In my recent ECHOES OF PASSION, I described a scorching hot arid environment that my hero, Daegon Bosaru, comes to. It wasn't a pleasant place, but then it wasn't just the weather that was dreadful, but the circumstances too. Little did I realize that I would be experiencing that hot, icky, scorching climate just a while after the book came out.

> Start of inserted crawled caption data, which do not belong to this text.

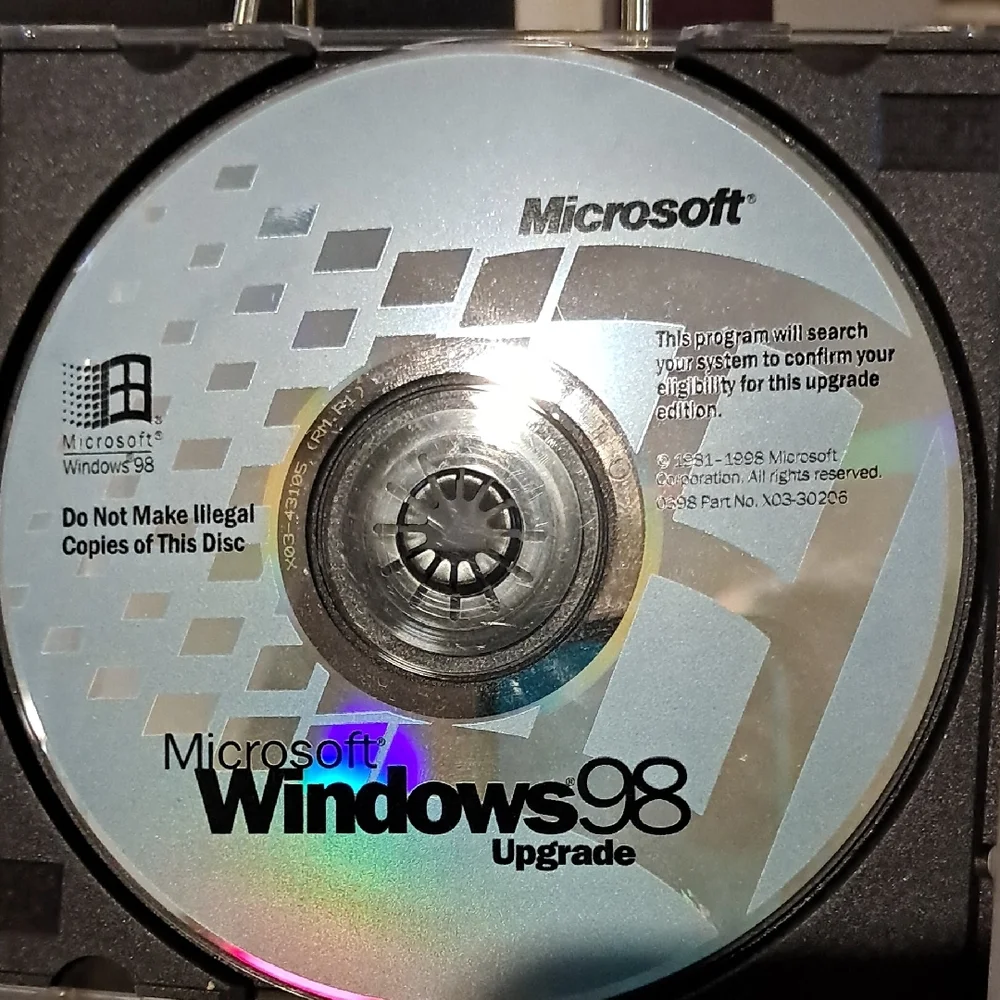 Microsoft Windows 98 CD Collection with Black and Silver Accents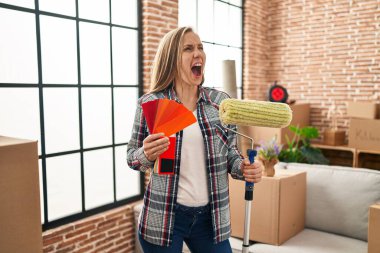 Young blonde woman holding roller painter and paint samples at new home angry and mad screaming frustrated and furious, shouting with anger. rage and aggressive concept. 
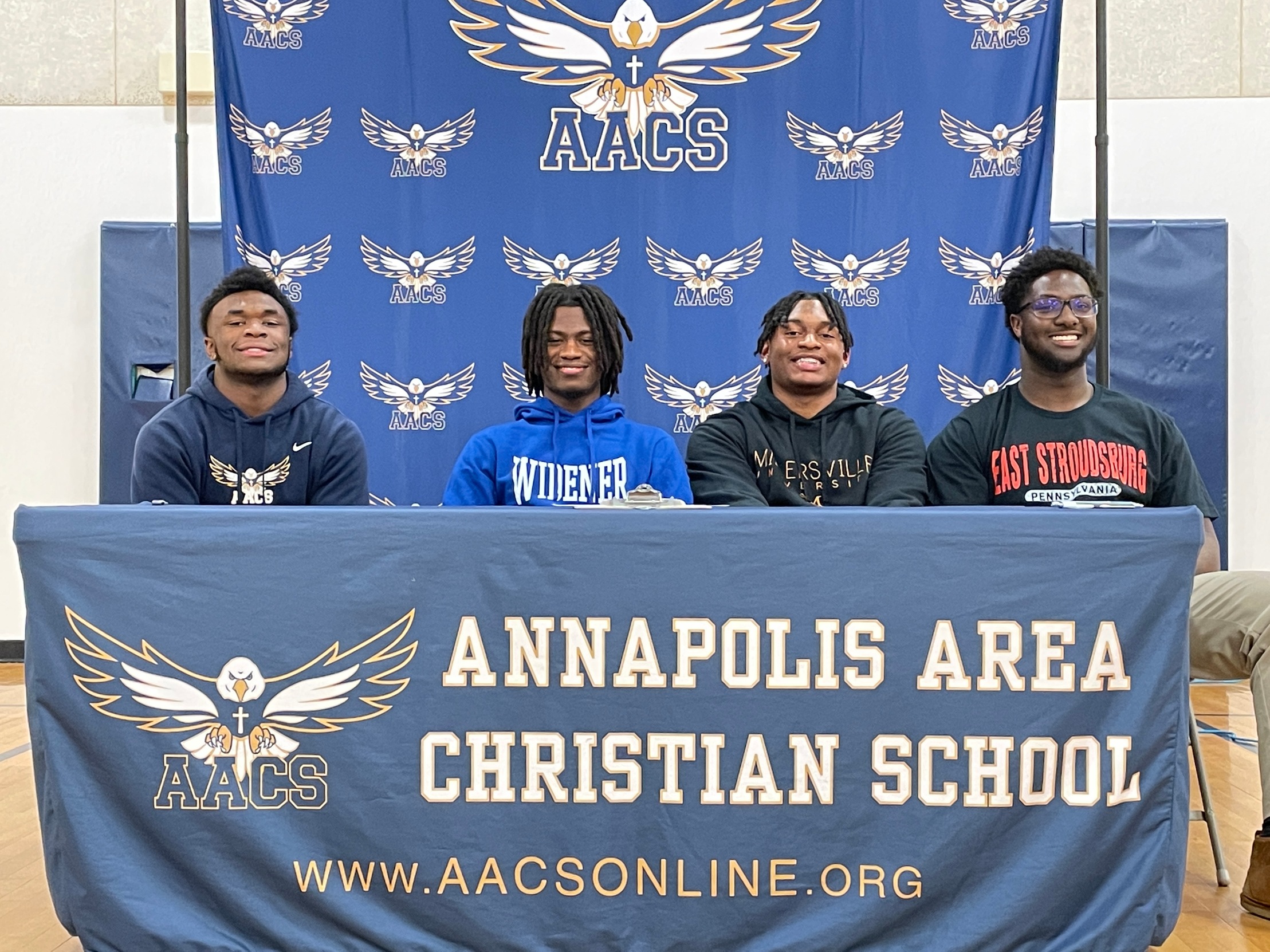 Four Football Players Sign To Play In College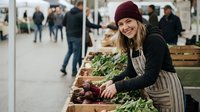 Young blonde woman vendor in burgundy beanie and apron smiling while arranging fresh vegetables at indoor farmers market stall with customers shopping.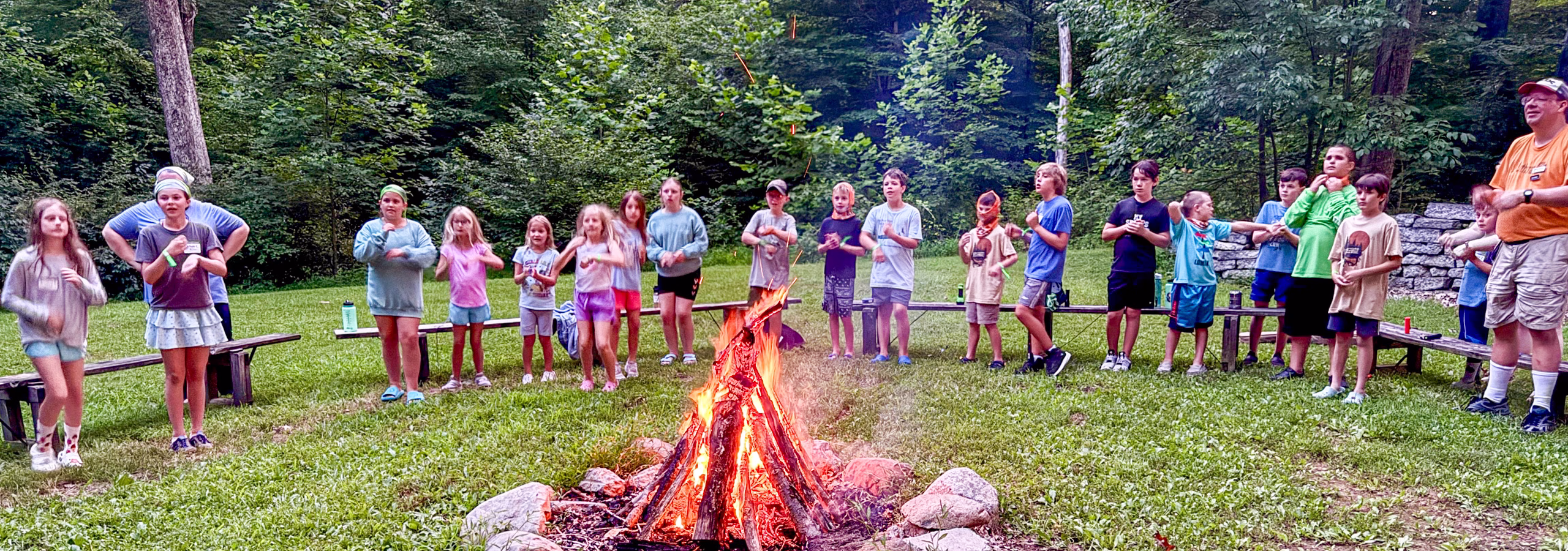 Camp kids around the campfire at Lutheran Outdoor Ministries: Indiana-Kentucky (LOMIK)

And it is horribly, ickily, dreadfully hot. Here in the Puget Sound, in the state of Washington, we are used to mild weather: mild winters, mild summers. But with the blast of ice and snow that we were subjected to this past winter (in the two decades we've lived here, it was the first time that we had police advisories not to leave the house if we didn't have to), it was inevitable that we have this horrific heat in the summer. We are not used to 100-degree-plus days, multiple ones. We are not used to glaring heat. Mild heat, yes. Mild sunshine, yes. But not THIS. When Seattle temperatures hit 103 around the city, it is truly unnatural. This is a city without a real history of air-conditioning, mind you. I think we are getting there. Right now, I have one coworker who has air-conditioning. I think by next year this time, I will have more. It doesn't help that I drive a car without air conditioning (bought in 1986, back when a/c wasn't standard issue).
Why am I whining about this? Well, as we were all whining about the heat (and around here we were), I realized that I didn't add enough details about the heat and the glaring sun in ECHOES. Every time I was out and about the past couple of days, I thought about a detail I should have added. The sweat around the hairline. The belabored breathing. You get the idea.
The moral of this story? THINK about those details. THINK about those senses. I was used to a mild climate. I should have been thinking about a much harsher one. Now, if you don't mind, I'm going to go find some air-conditioning. The grocery store, the library, the bookstore. I think we're going out for dinner.